Goat-skins, as well as the skins of sheep, are sometimes made into parchment. The skins of kids are thin and of beautiful texture; they are consequently well adapted for ladies' gloves and shoes. On the Continent they are made into stockings, bed-ticks, and sometimes into hangings for beds, into sheets, and even into shirts.

Although the fleece of the goat is by no means so valuable as that of the sheep, yet it has been found extremely useful. The long and shaggy coated goat, which is bred in many parts of this country, has, at the roots of the long hair, a fine and beautiful soft wool. The latter, though scarcely known to our manufacturers, has long been used in Russia for gloves, stockings, and other articles of dress, which are highly valuable. About a pound of this wool, in an unsorted state, was, some years ago, sent from Russia to be made into shawls. As the quantity was too small to admit of being manufactured into a web by itself, the chain was formed of silk, and the woof of yarn made from the goat's wool. The fabric, when completed, was compared with the finest Indian shawls; and, notwithstanding the hardness of the silken part, it was decidedly more soft and beautiful than any of these. Of the above-mentioned small quantity of wool three full-sized shawls and one waistcoat were made. Their colour was a dull white, with a delicate and scarcely perceptible glance of red through it; and their texture was so much admired, that Dr. Anderson, to whose care they were consigned, states, that if a hundred of them had been offered for sale, they would have produced at least twenty guineas each.

The long hair of goats, particularly that of the males, is used by peruke-makers, for lawyers and judges' wigs. Previously to its being used, it goes through several processes of preparation. The fine hair of kids is sometimes employed in the manufacture of hats. Goat's hair is occasionally made into a strong and coarse kind of cloth.

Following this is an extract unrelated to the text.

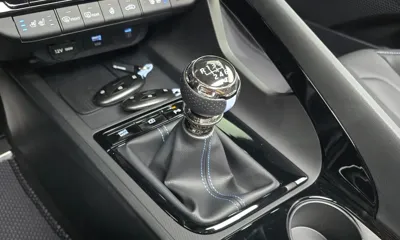 Hyundai Avante 2025, 16999 км, за 18326.32 USD - фото 9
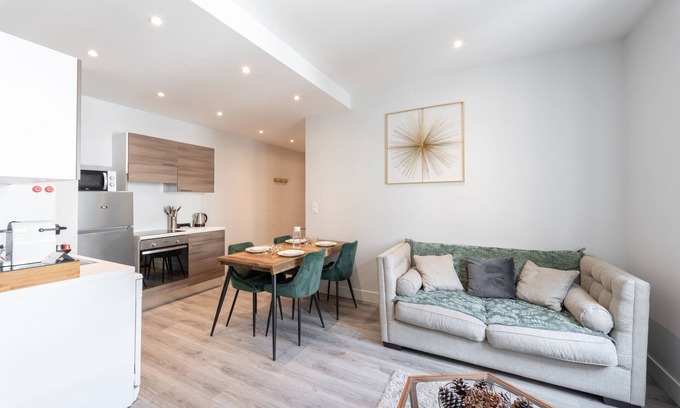 Bellecour - Hotel Dieu Apartment | LE POMPADOUR - Magnifique T2 Place Bellecour, au calme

Of the horns of these animals the country people make handles for tucks, and knives of different kinds. The fat or suet, which, in general, is very abundant, may be made into candles, which, in whiteness and quality, are greatly superior to those of the best tallow of the sheep and ox.

Goats are active and mischievous animals, of hardy nature, which delight in rocky and mountainous situations. They are sometimes very injurious to young plantations, from their propensity to peel and destroy the trees. The females usually have two, sometimes three, and rarely four young ones at a birth; and, in our climates, the duration of their life is said not often to exceed eleven or twelve years.

89. The hair of the Angora goat is long, soft, and silky, and is one of the most beautiful substances with which we are acquainted, for the manufacture of shawls, and other fine stuffs; and these, which in England have the name of camblets, are sometimes sold at very high prices. It is supposed that, with attention, Angora goats might be successfully and advantageously bred in Great Britain; particularly in those parts where the country is mountainous, and where the climate and food might not be far different from those of their native country of Asia Minor.

90. The COMMON SHEEP (Ovis aries, Fig. 14) has, in general, hollow, compressed, transversely wrinkled, and somewhat crescent-shaped horns; but some of the varieties are entirely destitute of these weapons.

The male is called ram, the female ewe, and the young one has the name of lamb.

Sheep are found in nearly every country of the world.

The bodies of these animals, in temperate and cold climates, are clad with a curled and closely matted kind of hair, which has the peculiar appellation of wool. The distinguishing characteristic of wool is that, when even the coarsest sort is manufactured into cloth, it thickens in the milling, and forms a close texture, owing to the peculiar roughness of its surface, and to its curly form; whereas the finest possible hair, under the same operation, will neither thicken nor form any texture whatever. It is by the manufacture of wool into various kinds of clothing that many thousands of people, in different countries of Europe, are entirely supported and fed. In temperate countries the fleeces of sheep are shorn or cut off once, and in others, where the climate is warmer, twice in the year, the animals being previously well washed to cleanse the wool. The Shetland sheep, and some others, have the fleece pulled, and not cut off.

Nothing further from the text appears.